But before we get to all that insanity, we have to review last week’s shenanigans. And said shenanigans were pretty crazy too.
So, let’s get to it!
You Zeta be kidding me?
Yep, another hurricane in the Gulf means more hunkering and battening, waiting to see if our cone of uncertainty will become more decisive and getting awakened at 4:30 a.m. by our phones for a storm surge warning two days before the storm arrives. Thanks for that, National Weather Service! Could that not have waited until, at least, say 5:30 a.m.? The only thing surging at my house was rage!
But there is a silver lining, as another hurricane also means a new collection of storm-related memes from the funny folks at MobTown Memes.
One of the Boozester’s favorites of Zeta expressed the feelings many had after the 4:30 a.m. “wake up call.” Well done, Memesters!
Check them out on Facebook at MobTown Memes, if you haven’t already.
Sign of the times?
One of my spies who we will call the “Good Daddy” said he was dropping off his child at Mother’s Day Out in Midtown on Monday when he observed an “old, bald-headed man” walking down the street. The elder with the chrome dome noticed a Doug Jones sign in someone’s yard and began kicking it repeatedly until it was destroyed. Once his work was done, he just kept on walking. No word on if any other signs were injured during his daily stroll.

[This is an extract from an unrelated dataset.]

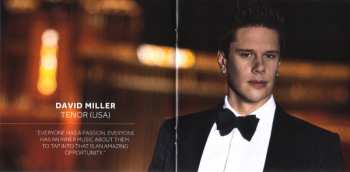 CD Il Divo: The Greatest Hits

Invasion of the dandy men?
Last Thursday afternoon, my phone started blowing up with random photos of men. No, not those kinds of photos. Get your minds out of the gutter!
No, the spies were sending me pics of “gentlemen” stationed all around downtown. They were dressed in navy blazers with red flower boutonnieres and puffy pants stuffed in their socks. They were also sporting straw hats. One spy said they looked like a band of “old-timey golfers” or a “lost croquet team.” Hmmmm.
Apparently, when people approached them to see who they were or what the hell was going on, they refused to speak.
My spies said they were handing our Mardi Gras beads so they figured it must have something to do with a society. Either that or initiation into a Satanic cult. Who knows?!?!
But I am told they looked really fancy and disappeared as quickly as they appeared.
Only in Mobile .…
Well, kids, that’s all I have this week. I hope you survive the moon, the ’ween and the Zeta, all while still fighting the ’rona. And remember, whether rain or shine, dramatic or scandalous or just some plain ol’ dandy lovin’, I will be there. Ciao!